BP agrees to pay $175 million to settle shareholders claims over 2010 oil spill
REUTERS/Andrew Winning
(Reuters) - BP Plc agreed on Thursday to pay $175 million to shareholders who brought a class-action lawsuit that accused the oil company of misleading them by understating the severity of the 2010 oil spill in the Gulf of Mexico.
BP said the claims will be paid during 2016-2017.
However, the company said in a statement this settlement does not resolve other securities-related litigation in connection with the spill.
In 2014, U.S. District Judge Keith Ellison in Houston said investors who bought BP's American depositary shares soon after the explosion could pursue claims as a group that BP publicly "lowballed" the oil flow rate, and that the share price "did not reflect the magnitude of the disaster facing the company."

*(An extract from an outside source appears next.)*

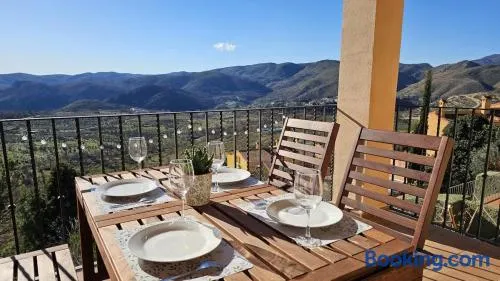 Quiet mountain townhouse with pool and WiFi - Image 1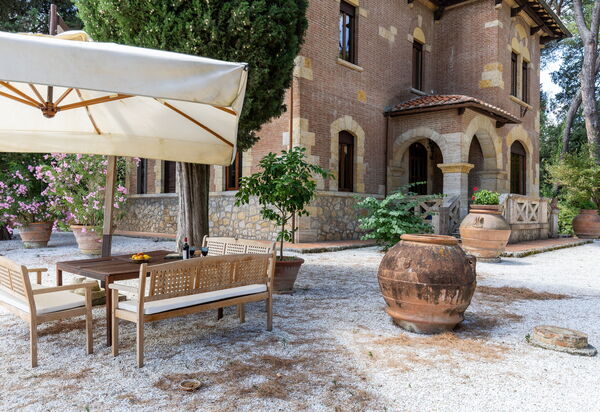 Villa Silvia: Balkon / Terrasse / Patio, Haupteingang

In separate legal action, U.S. Judge Carl Barbier in April 2016 granted final approval to the company's civil settlement over the Gulf of Mexico oil spill after it reached a deal in July 2015 to pay up to $18.7 billion in penalties to the U.S. government and five states.
The rig explosion on April 20, 2010, the worst offshore oil disaster in U.S. history, killed 11 workers and spewed millions of barrels of oil onto the shorelines of several states for nearly three months.